**WORK INSTRUCTIONS**
All of the records below must be output exactly, with no pictures carried over.

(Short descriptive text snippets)
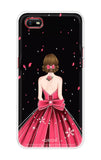 Fashion Princess Oppo A1k Back Cover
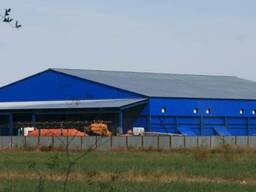 Овощехранилище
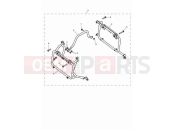 Triumph 2023 Tiger 1200 GT Explorer Pannier mounting kit (expedition)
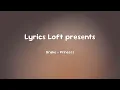 Drake - Princess  [Lyrics]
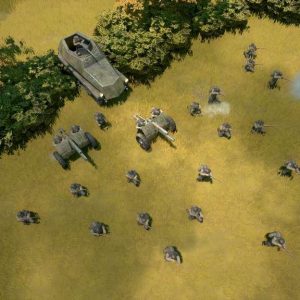Foxhole EU PC Steam CD Key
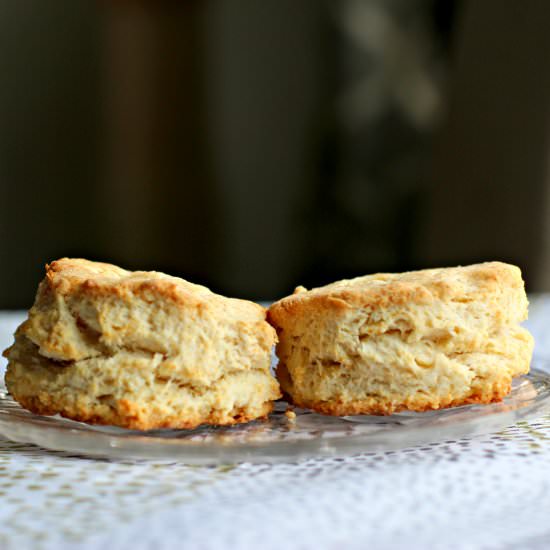 Easy Breakfast Biscuits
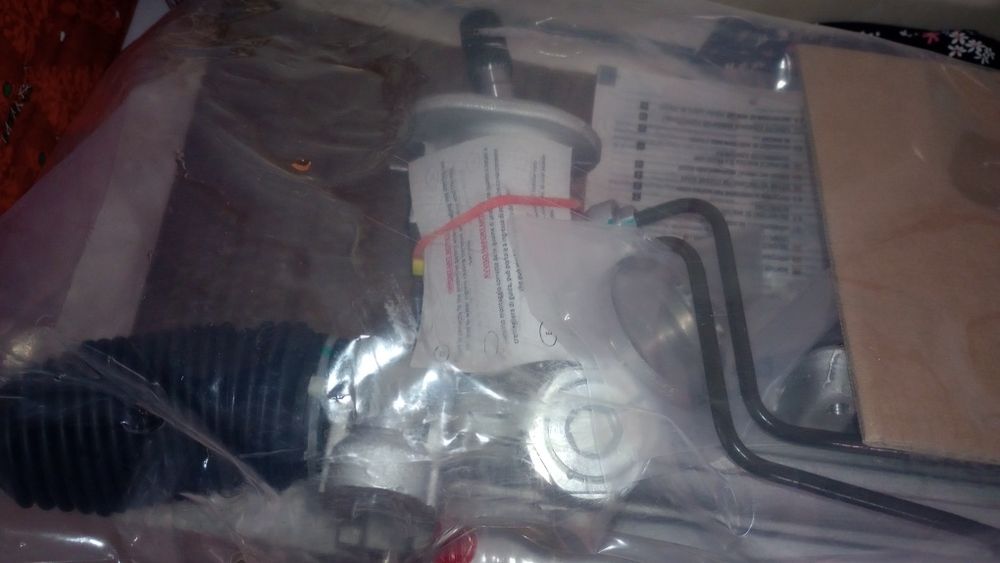 Caseta direcție. Golf.4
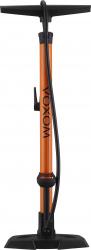 Freizeit Voxom Standluftpumpe Pu17 orange, Digital 
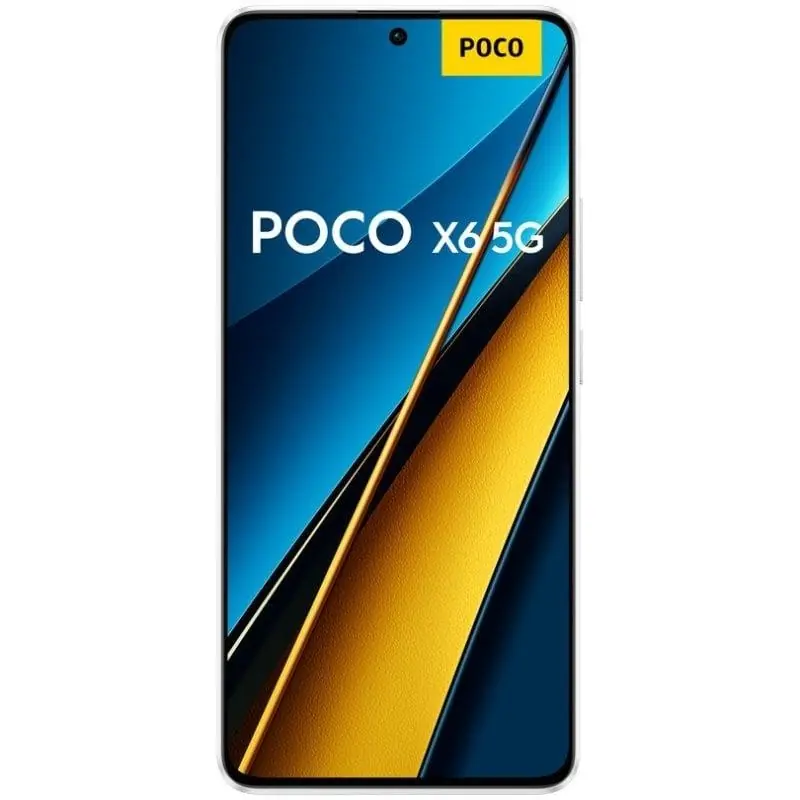 Xiaomi POCO X6 5G 12/256GB Dual SIM Blanco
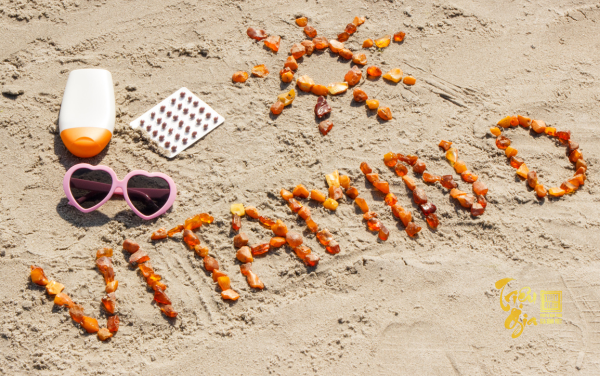 Ánh nắng mặt trời là yếu tố giúp cơ thể tự tổng hợp vitamin D cho xương chắc khỏe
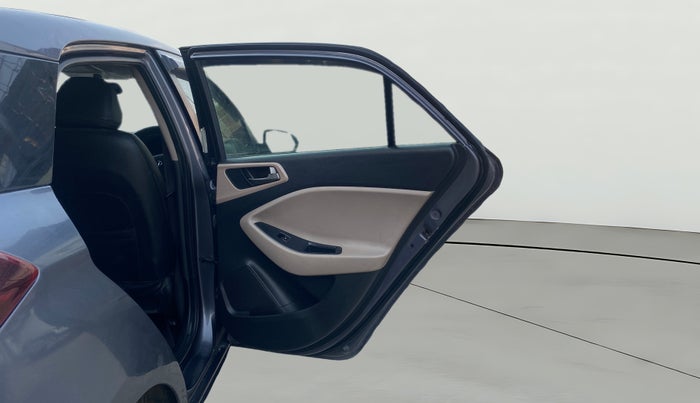 2017 Hyundai Elite i20 SPORTZ 1.2, Petrol, Manual, 83,911 km, RHS Rear Door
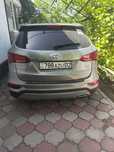 Автомобиль Hyundai Santa Fe 2018г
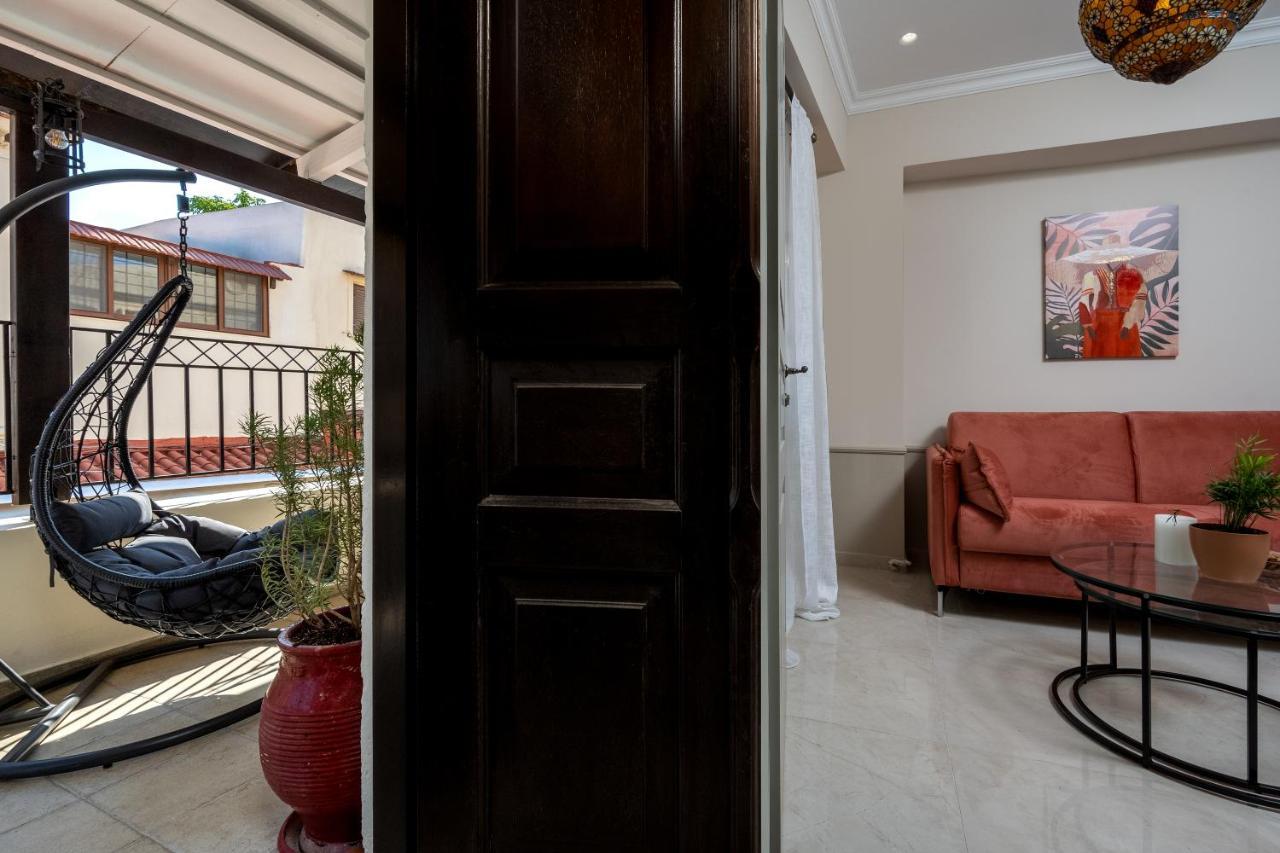 Alegrand Apartmán Rhodes City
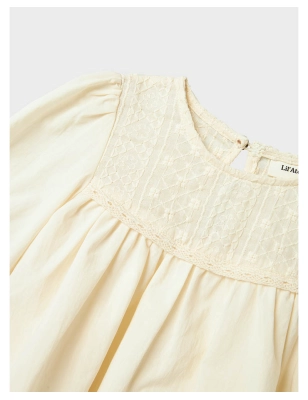 Camisa Bordado De Lil'Atelier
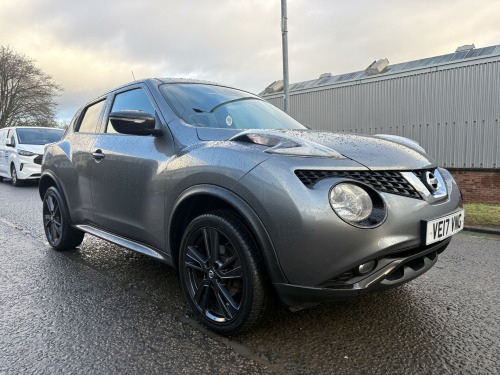 Nissan Juke  1.5 dCi N-Connecta SUV 5dr Diesel Manual Euro 6 (s/s) (110 ps) 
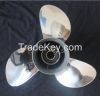 China 15 x 21 LH Stainless Steel Propeller Manufacturers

**RESULT BELOW**
 Fashion Princess Oppo A1k Back Cover
 Овощехранилище
 Triumph 2023 Tiger 1200 GT Explorer Pannier mounting kit (expedition)
 Drake - Princess  [Lyrics]
Foxhole EU PC Steam CD Key
 Easy Breakfast Biscuits
 Caseta direcție. Golf.4
 Freizeit Voxom Standluftpumpe Pu17 orange, Digital 
 Xiaomi POCO X6 5G 12/256GB Dual SIM Blanco
 Ánh nắng mặt trời là yếu tố giúp cơ thể tự tổng hợp vitamin D cho xương chắc khỏe
 2017 Hyundai Elite i20 SPORTZ 1.2, Petrol, Manual, 83,911 km, RHS Rear Door
 Автомобиль Hyundai Santa Fe 2018г
 Alegrand Apartmán Rhodes City
 Camisa Bordado De Lil'Atelier
 Nissan Juke  1.5 dCi N-Connecta SUV 5dr Diesel Manual Euro 6 (s/s) (110 ps) 
 China 15 x 21 LH Stainless Steel Propeller Manufacturers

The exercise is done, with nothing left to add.